Si hablamos de guerras, tendríamos que entender en principio cómo funcionan las estructuras sobre las cuales han de erigirse los acuerdos sociales. Muy en la línea de los llamados contractualistas[1], hemos de entender la sociedad y la representatividad política de quienes la dirigen, como una red de normas que rigen el funcionamiento de la vida civil de cada individuo, los cuales, no necesariamente han de estar de acuerdo con la forma cómo ha sido organizado el globo; pero lo cierto es que hemos caído en un mundo ya hecho, y hecho a la medida, tristemente, de aquellos que tienen la potestad de cambiar su estructura en función de sus apetencias de turno.


Pero mi reflexión no está centrada en la visión contractualista de la sociedad, ya que, considero que antes de ello existe todo un cúmulo de consideraciones que tenemos que observar en torno al individuo y al conocimiento que precisa para establecerse como ente social, en el marco de una óptima comprensión de aquellos elementos que, de ser ignorados, devendría la catástrofe que lastimosamente parece prevalecer en el panorama político mundial.


Aristóteles, en La Política, establece las bases para la comprensión del llamado derecho natural, y aunque muchas de sus aplicaciones son incompatibles con la manera cómo se concibe el acuerdo o pacto social que rige nuestro actual panorama político, sus ideas no deben ser dejadas de lado, y, más aún, aquellas que fungen de soporte epistemológico de sus elaboraciones políticas; me refiero expresamente a aquellas ideas que expone en una de sus obras más celebres, a saber, Metafísica.

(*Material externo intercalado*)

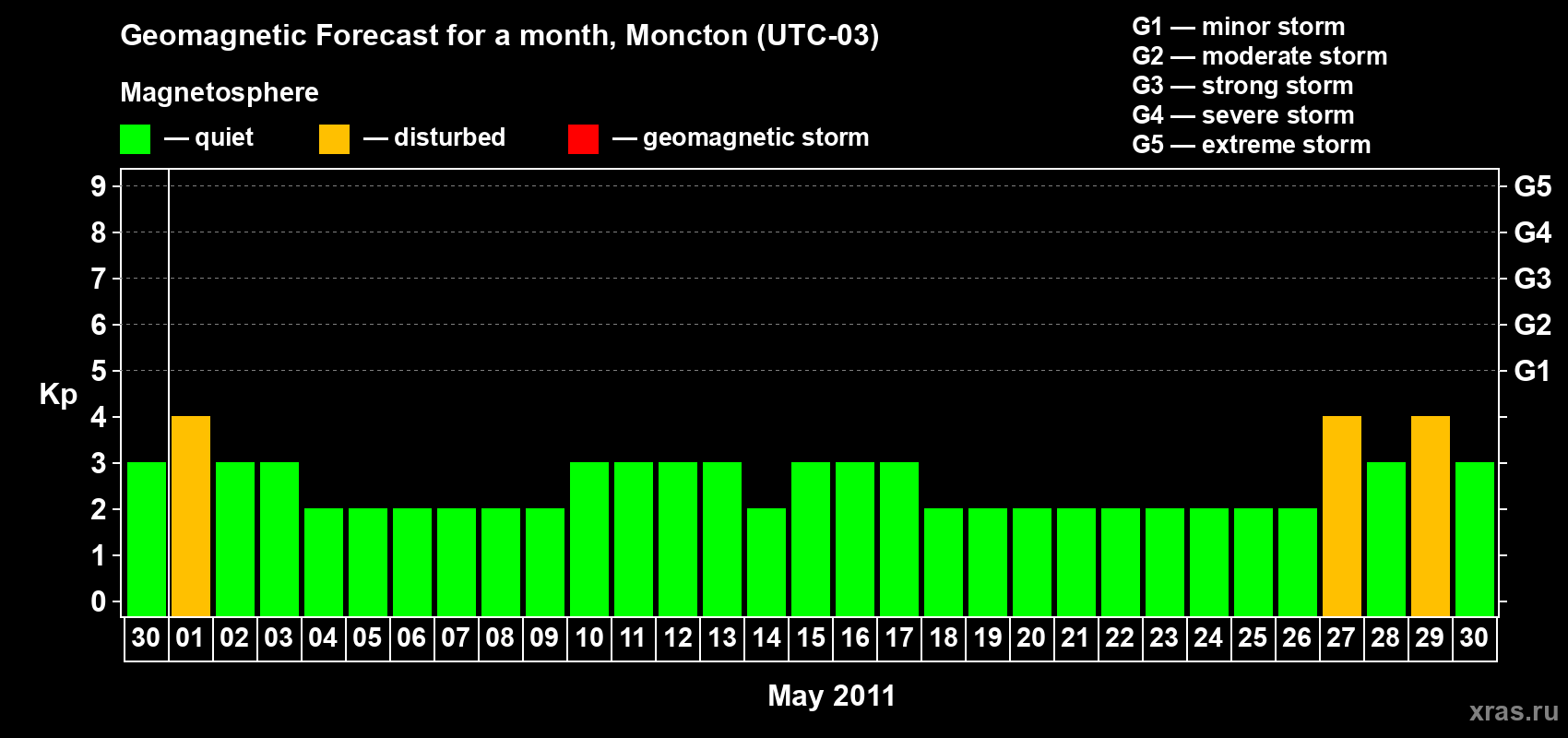 Forecast of the daily maximal value of geomagnetic index Kp for <b>1 month</b> (31 days) <b>from Apr 30, 2011 to May 30, 2011</b>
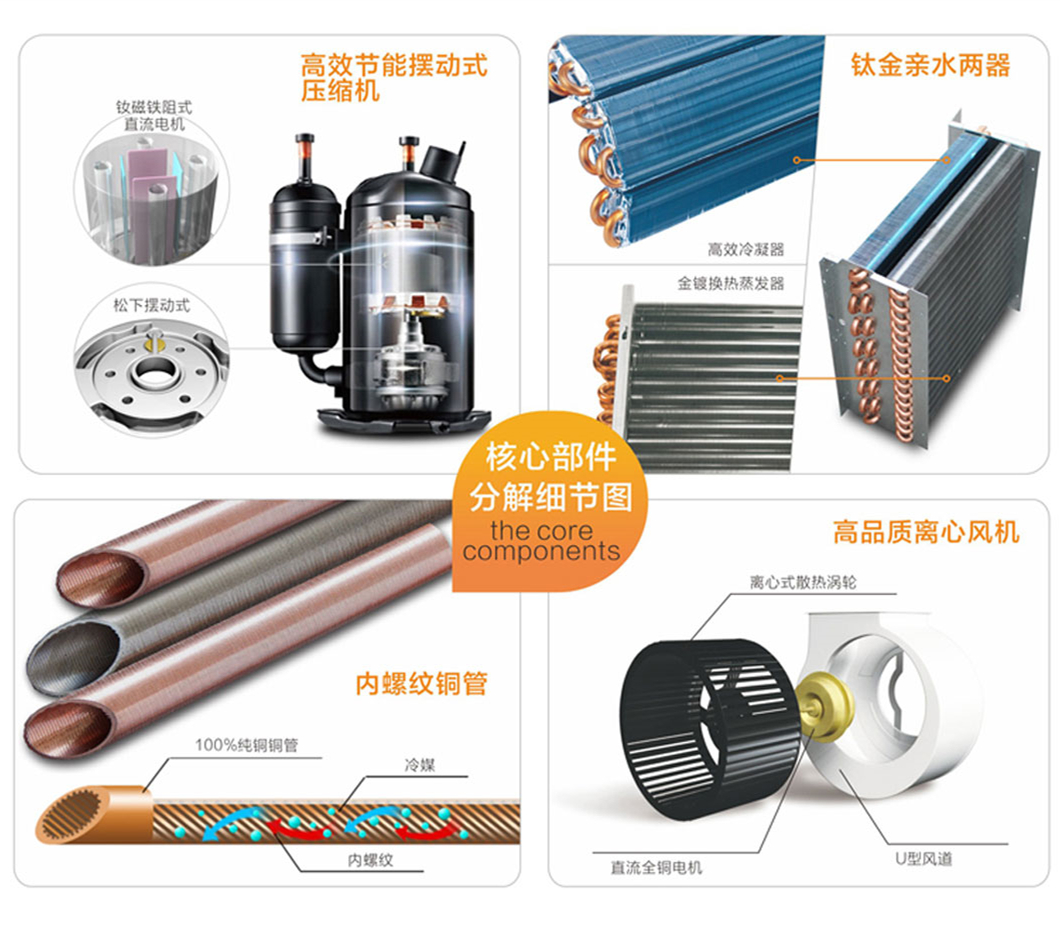 越便宜的除濕機(jī)，越要悠著點(diǎn)兒買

Dice Aristóteles, que el conocimiento se divide en tres grandes grupos: ciencias teóricas (θεωρία), prácticas (πραξις), y poiéticas (ποίησις). Las ciencias teóricas, a saber de Aristóteles, constituyen el punto de partida de las demás formas de ciencias, y su objetivo consiste en desvelar el trasfondo existencial de todo fenómeno, lo que implica remitirse al principio que permite que las demás cosas sean; es decir, antes de sumergirse en las profundidades de la interacción con cada ente que puebla el mundo, un estudiante serio debe conocer mínimamente las condiciones que posibilitan las acciones que ejecutan cada uno de los entes con los que interactuamos. Esto confiere a la metafísica, de acuerdo a Aristóteles, el estatuto de filosofía primera.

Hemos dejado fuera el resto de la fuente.